I wanted to point out an example of research into the biochemistry of calorie restriction as an example of how scientists progress in their investigations of cellular biology. If the cell is a machine, then the biotechnology revolution has provided scientist-mechanics with wrenches to pull out cogs and screwdrivers to force the settings on inner switches. It has also bequeathed reams of disordered notes from a thousand other mechanics, and from all this sense and understanding has to eventually emerge.

So how do you find out what does what in a cell, and by extension in the entire organism that the cell belongs to? Pulling out pieces to see what they were needed for isn't such a bad strategy, especially guided by educated guesswork and related discoveries made by many other engineers. Good educated guesswork is very possible these days, and the cost of chasing down a dead end (in time and money) is falling all the time - it makes sense to explore and take risks. In this vein, a recent paper shows how scientists added more genes to the list of those needed for longevity produced via calorie restriction in worms, though the story is better told in the science press:

Carrano's next set of experiments focused on WWP-1's potential role in the regulation of lifespan. When she genetically engineered worms to overexpress WWP-1, well-fed worms lived on average 20 percent longer. Deleting PHA-4, which was discovered in Dillin's lab and so far is the only gene known to be essential for lifespan extension in response to diet restriction, abolished the life-extending effects of additional WWP-1 placing the ubiquitin ligase as a central rung on the same genetic ladder as PHA-4. Without WWP-1, cutting down on calories no longer staved off death.

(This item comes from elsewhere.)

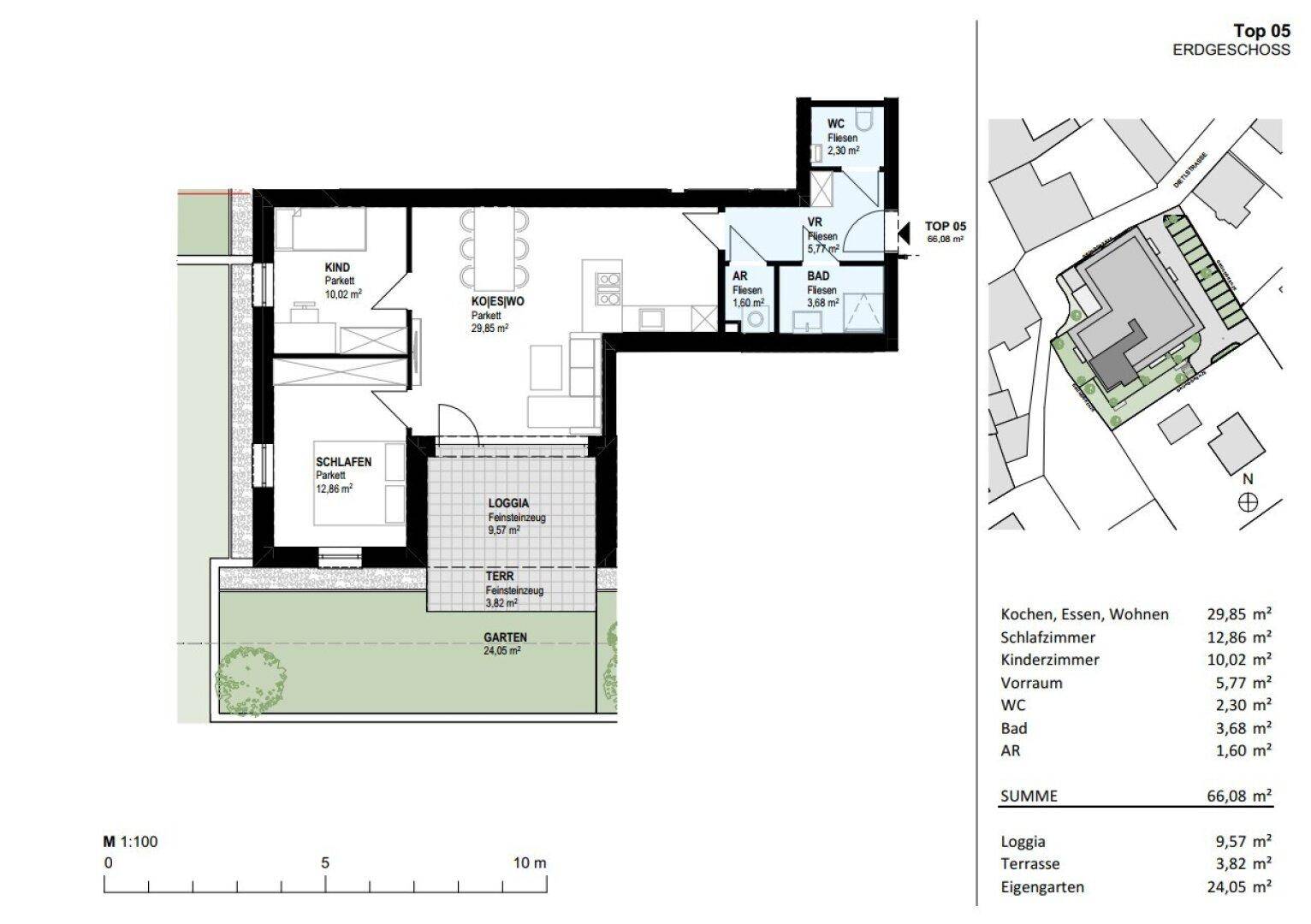Grundriss der Erdgeschosswohnung Top 05 mit Loggia, Terrasse und Garten.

When a study by others found that UBC-18 interacts with WWP-1, Carrano wondered whether it could play a role in diet-restriction-induced longevity as well. She first confirmed that the UBC-18 functions as an ubiquitin-conjugating enzyme and gives WWP-1 a hand. She then tested whether it played a role in lifespan regulation. "Overexpression of UBC-18 was not enough to extend the lifespan of worms but depleting it negated the effects of caloric restriction," says Carrano, who is busy looking for potential substrates of the UBC-18-WWP-1 ubiquitination complex.

Cogs, switches, and dials - and keep careful note of the results of each manipulation. That's the way it works behind the curtain. The processes of biochemistry common between most species are an enormous jigsaw puzzle, worked on by thousands of scientists and technicians. At the end of the road, there will be one or more ways to increase human life span by some amount through improving the metabolism of the next generation.

People who live all their life with a better, human-engineered metabolism will reap the benefits, but I doubt these future methods will be of much benefit to people already old when development is complete. That will include most of us, I would imagine, given the likely timescales involved in research and development. Changing metabolism is fundamentally a way to slow aging, not reverse it. If you're already old, you're out of luck. This is one of the reasons I support work into repairing the damage of aging over work to manipulate metabolism so as to slow aging.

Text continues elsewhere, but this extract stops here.